### What is being asked
Send back the line that contains "at nl.xxxner.ru ﹏" and all lines following it through the end of the data below, exactly, omitting pictures.

### Source material
◆ ◆ ◆ ◆

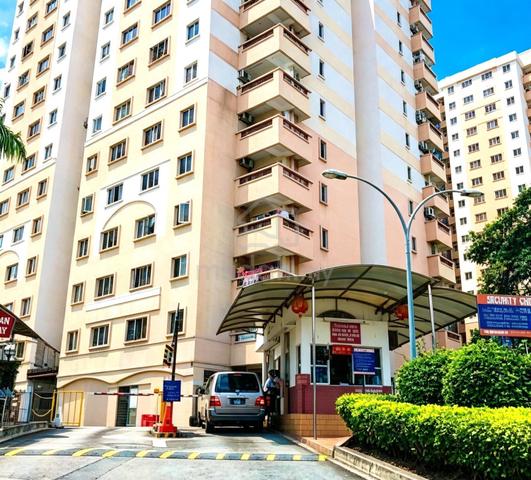 Pelangi Apartment ( Pelangi Damansara ) 1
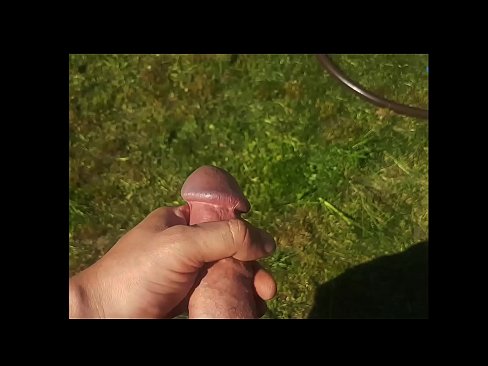 ❤️ Hete hottie laat zich in haar roze kutje neuken en spuitend klaarkomen in een zomerse tuin Fucking at nl.xxxner.ru ﹏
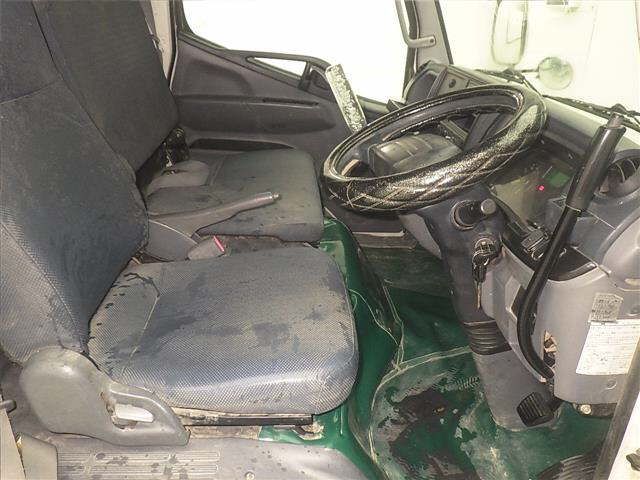 2015 Mitsubishi Fuso Canter 3-ton dump truck auction photo 5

◆ ◆ ◆ ◆

### Written response
 ❤️ Hete hottie laat zich in haar roze kutje neuken en spuitend klaarkomen in een zomerse tuin Fucking at nl.xxxner.ru ﹏
 2015 Mitsubishi Fuso Canter 3-ton dump truck auction photo 5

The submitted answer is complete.